Additional optimisations include not asking for actual query results (which may generate substantial amounts of unused data internally for big documents) and not returning query headers with the result. Every little helps, as they say.
yz_solr:partition_list/1 function performs Solr lookup using facet search. https://github.com/basho/yokozuna/blob/02682312031a1935a5b0dcd51d6cb88e6718d0bd/src/yz_solr.erl#L280
For some reason in our setup it was observed that this Solr query takes 10 seconds to complete. It is likely that this query is waiting for commit to complete and/or new searcher to finish opening. (Details about observed poor Solr performance and reasons are given in issue https://github.com/basho/yokozuna/issues/719 ).
After consulting Solr IRC it was established that facet.method=enum resolves this aspect of our performance problems. With this parameter yz_solr:partition_list/1 always completes in under 10ms (1000 times speed up!).

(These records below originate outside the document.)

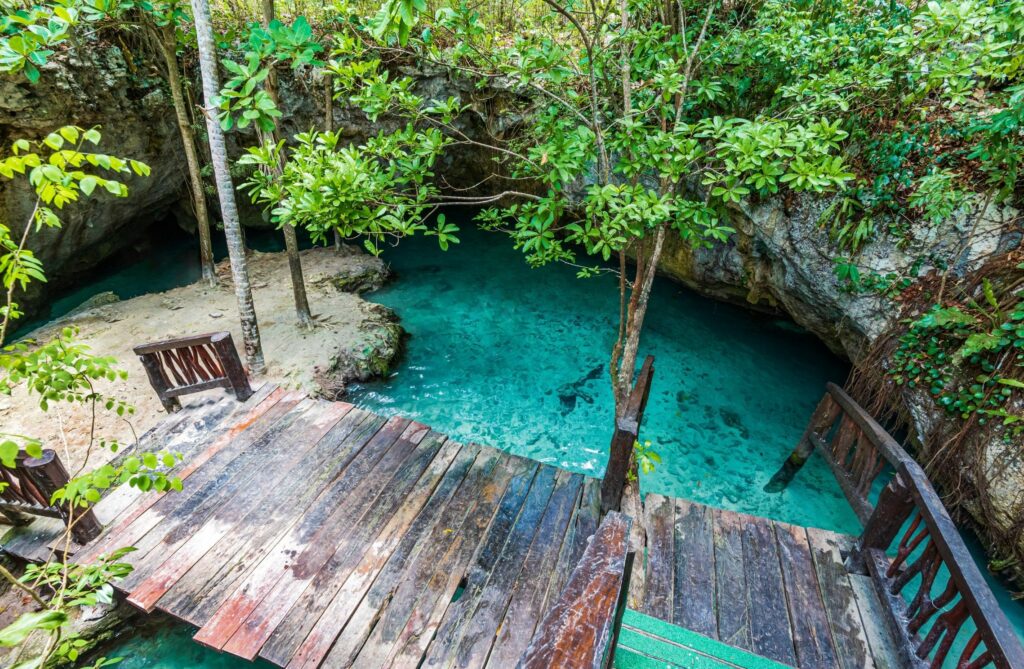 Gran Cenote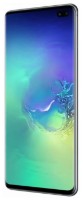 Мобильный телефон Samsung SM-G975 Galaxy S10+ 8Gb/128Gb Prism Green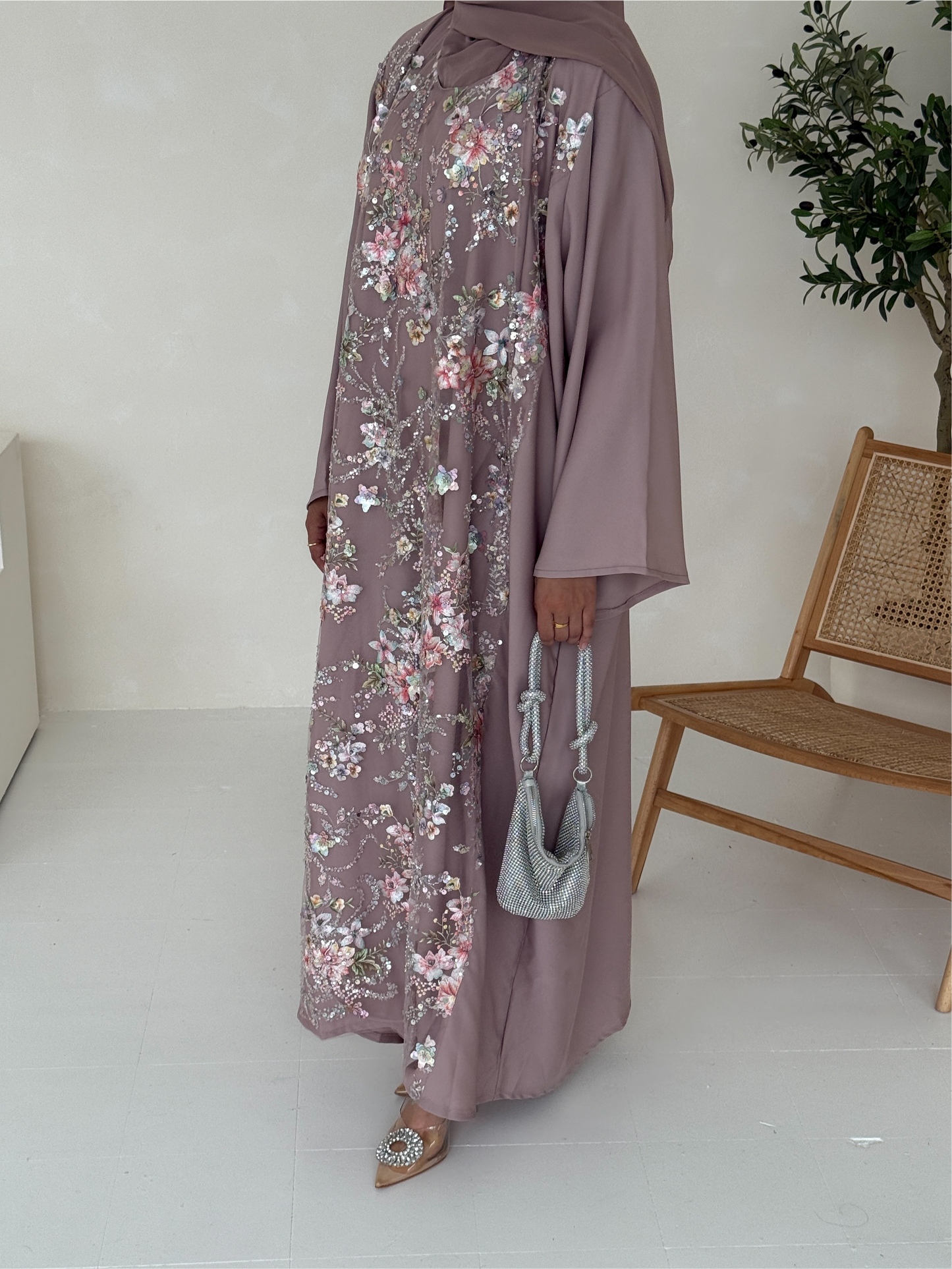 Botanical Garden Primrose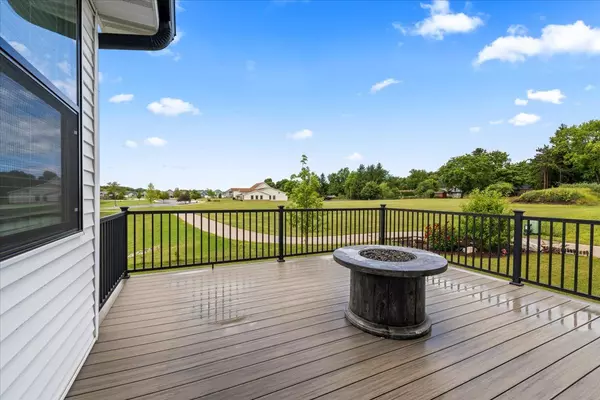 Oregon WI Home for Sale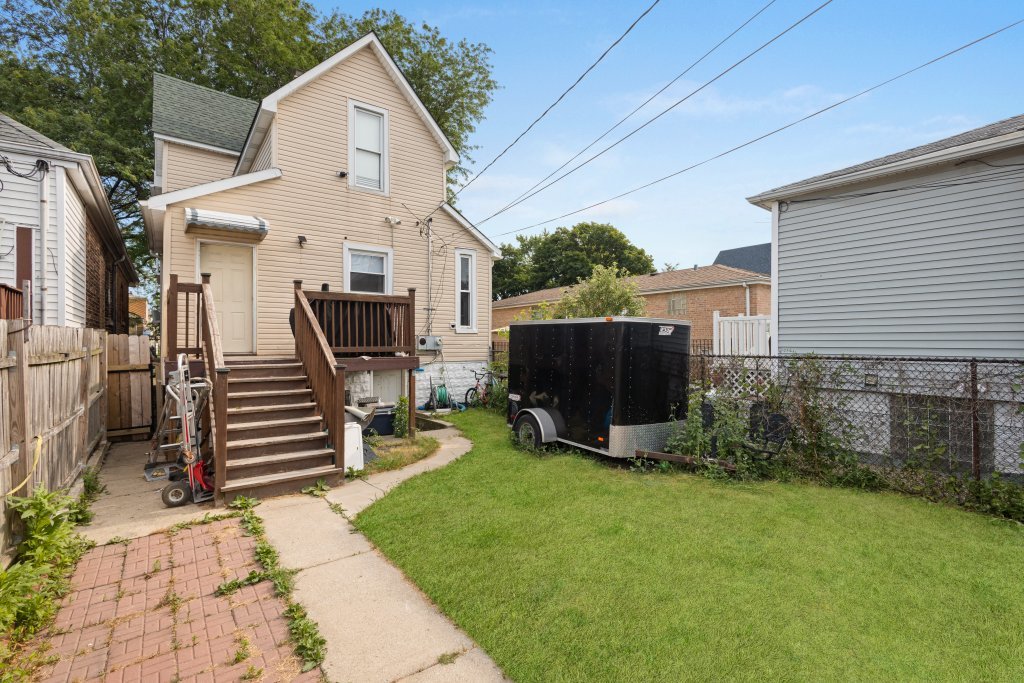 3710 West 60th Place Chicago IL 60629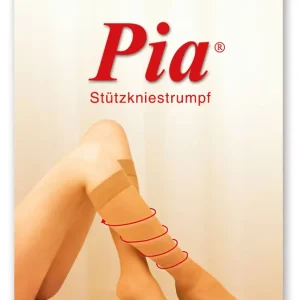 RS Stützkniestrümpfe 40 „Sinfonie“ 35-38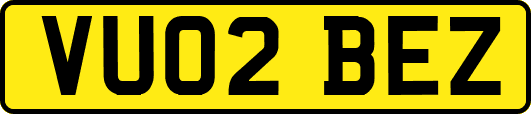 VU02BEZ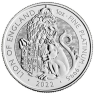 Grossbritannien-100Pfund-2022-PtStgl-Lion-TudorBeasts-RS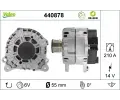 Alterntor VALEO ‐ VA 440878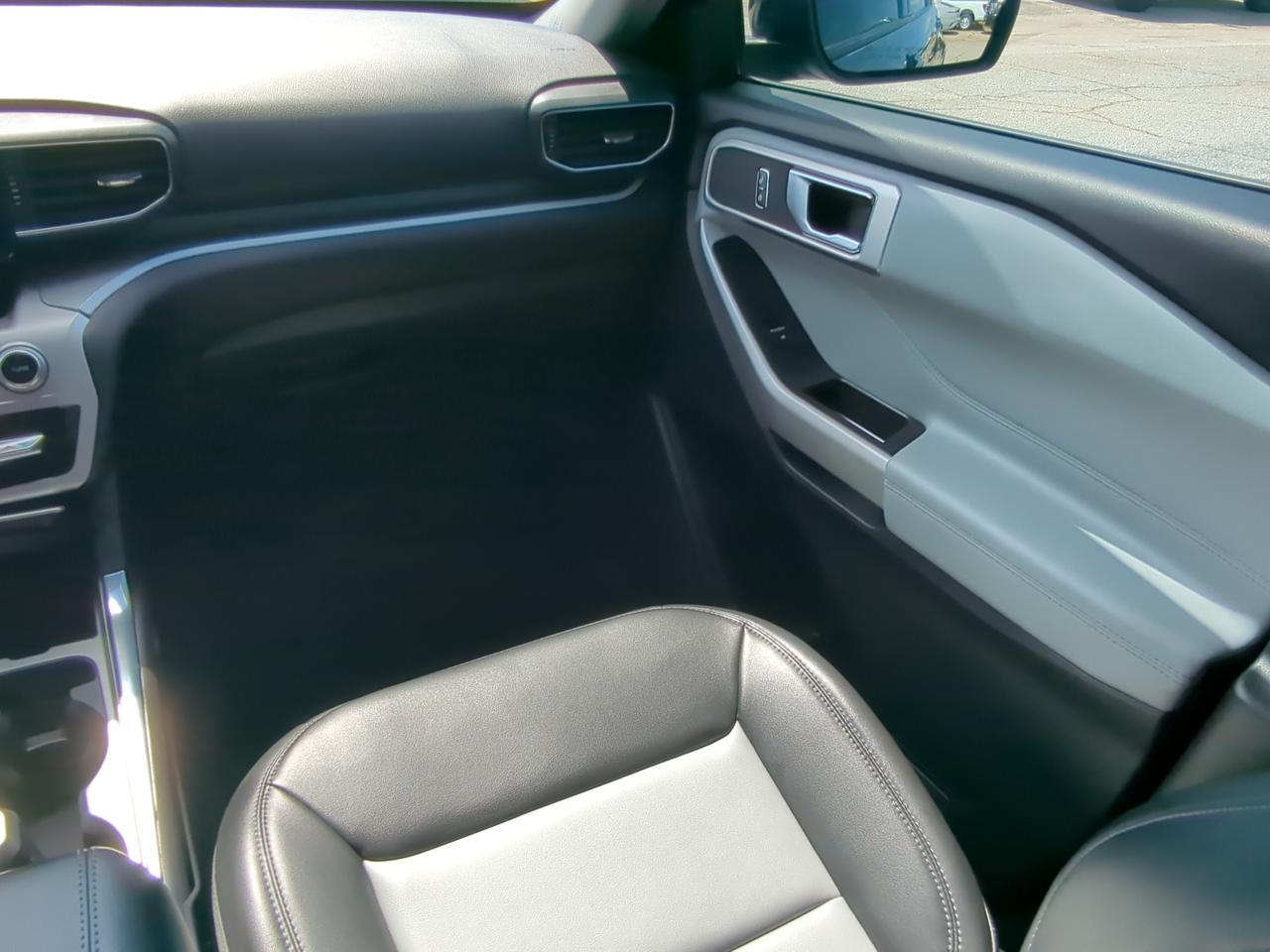 2022 Ford Explorer XLT Winder GA
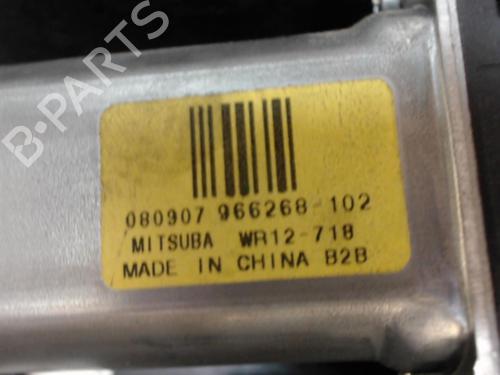 Front left window mechanism VOLVO XC60 I SUV (156) D5 AWD | BP24282919C22 - Image 8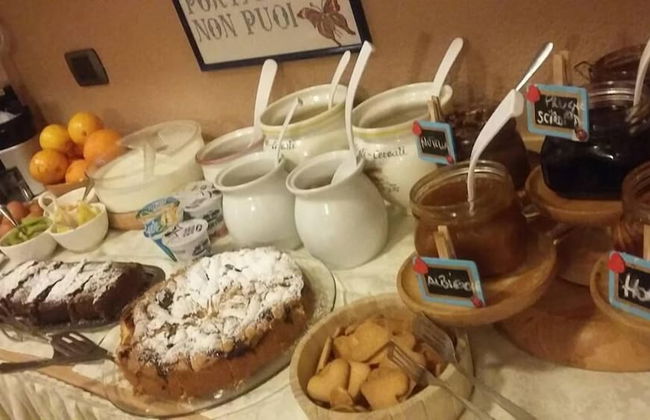 Agritur Darial - Foto 36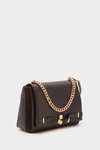 La Gran Manzana shoulder bag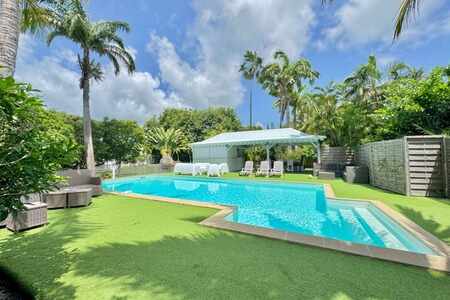 Exclusivité - Ensemble Touristique Avec Maison Principale Et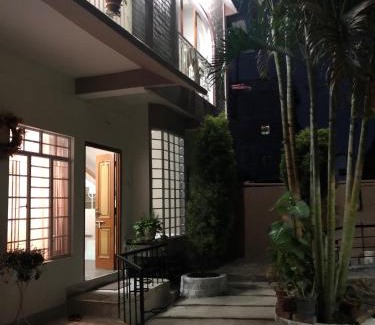 Imphal House | Magen Homestay
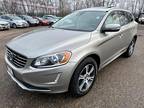 2015 Volvo XC60 T6 Premier Plus Sport Utility 4D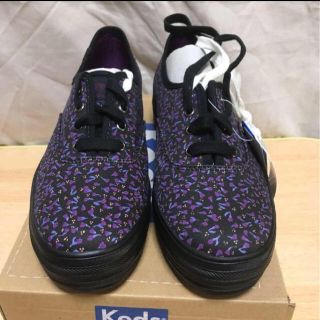 ケッズ(Keds)のkeds スニーカー　23.5cm(スニーカー)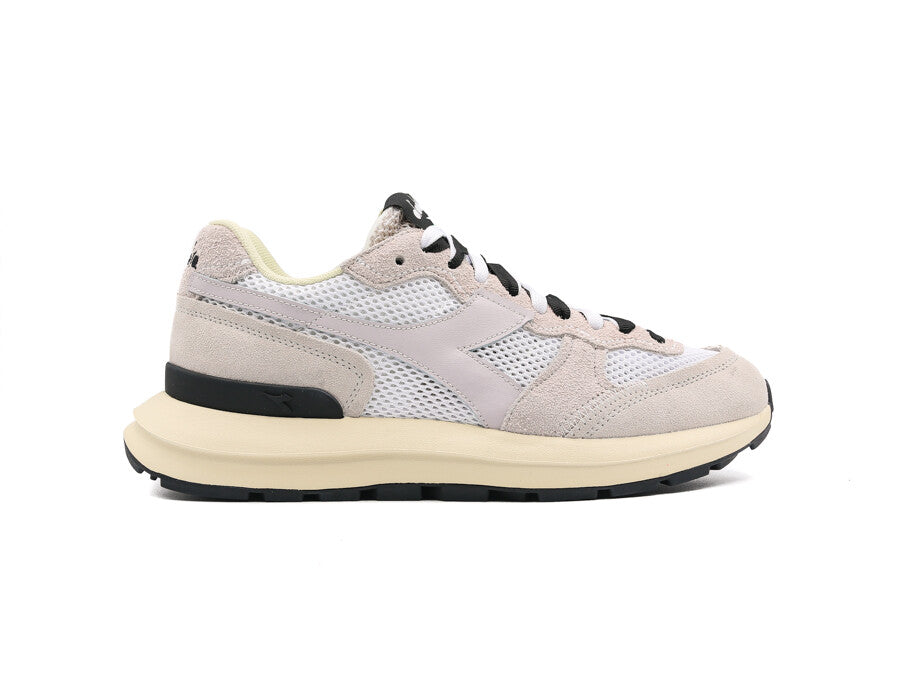 DIADORA KMARO SUEDE MESH WIND GRAY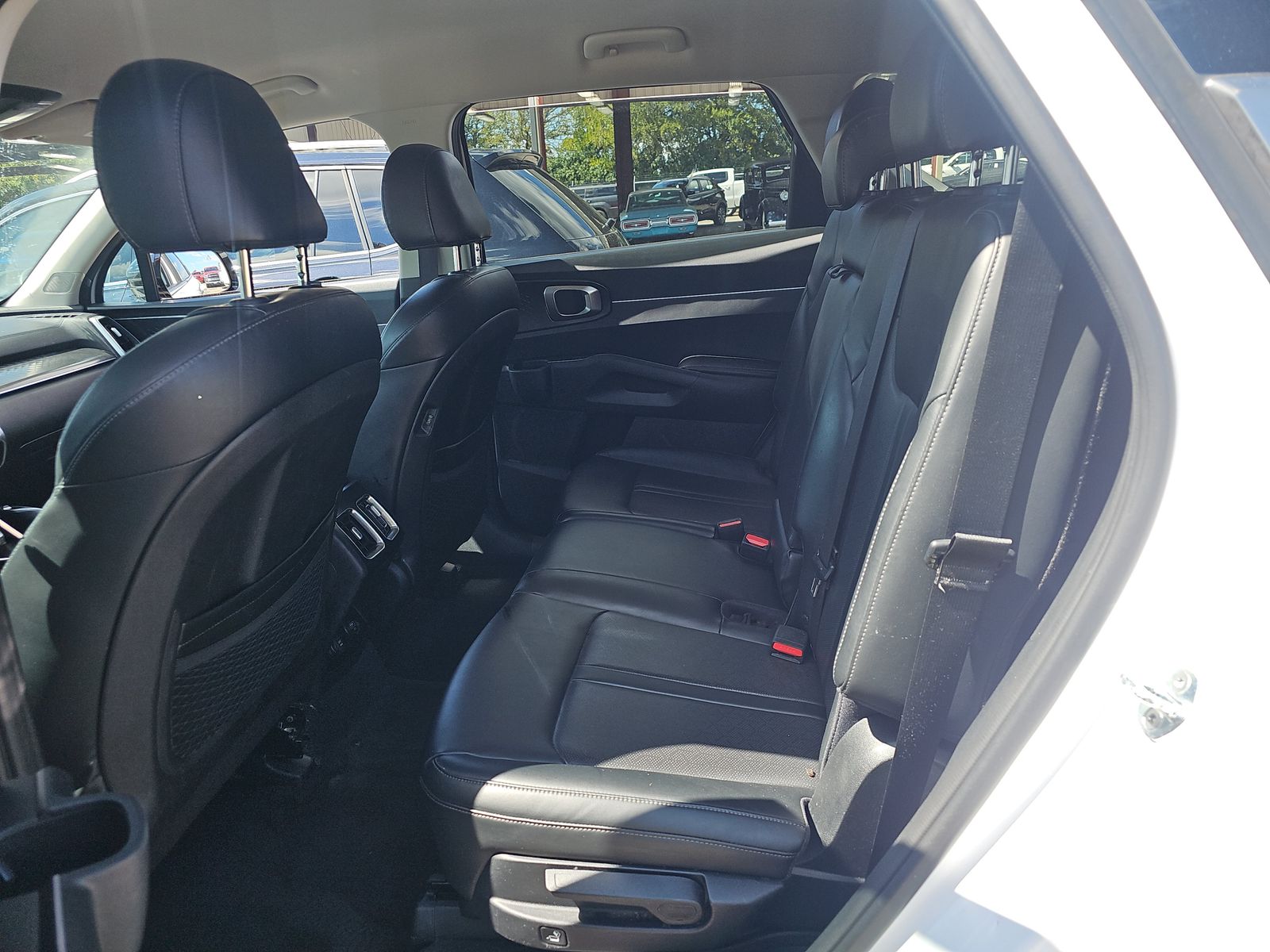 2021 Kia Sorento S FWD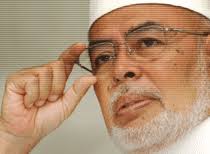Kufur Jika Sokong Guna Kalimah Allah - Haron Din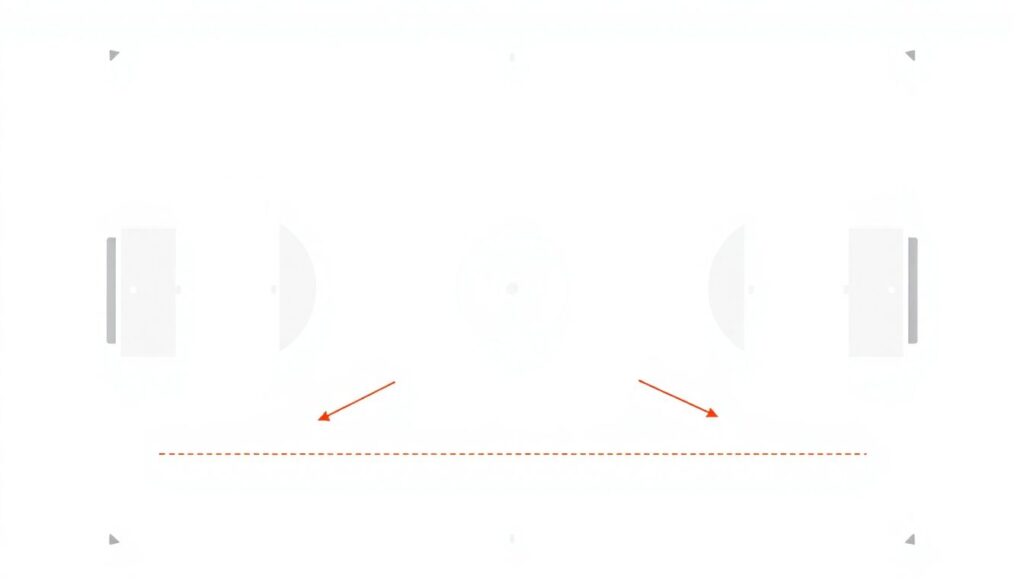 Как использовать пространство для завершения атак - иллюстрация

For now we have modified solr_config.xml and set the default facet.method to enum. However as far as I understand this is not a reliable solution (as solr_config.xml is overwritten in some circumstances(?)).
I think it is worthwhile to do one of the following: a) Add a way to add facet.method=enum to the Solr partition list facet query. It seems to perform much faster then the default facet method. b) Turn Solr docValues on for the _yz_pn field. This will should make faceting on this field really fast in all cases. This could be added to the default schema.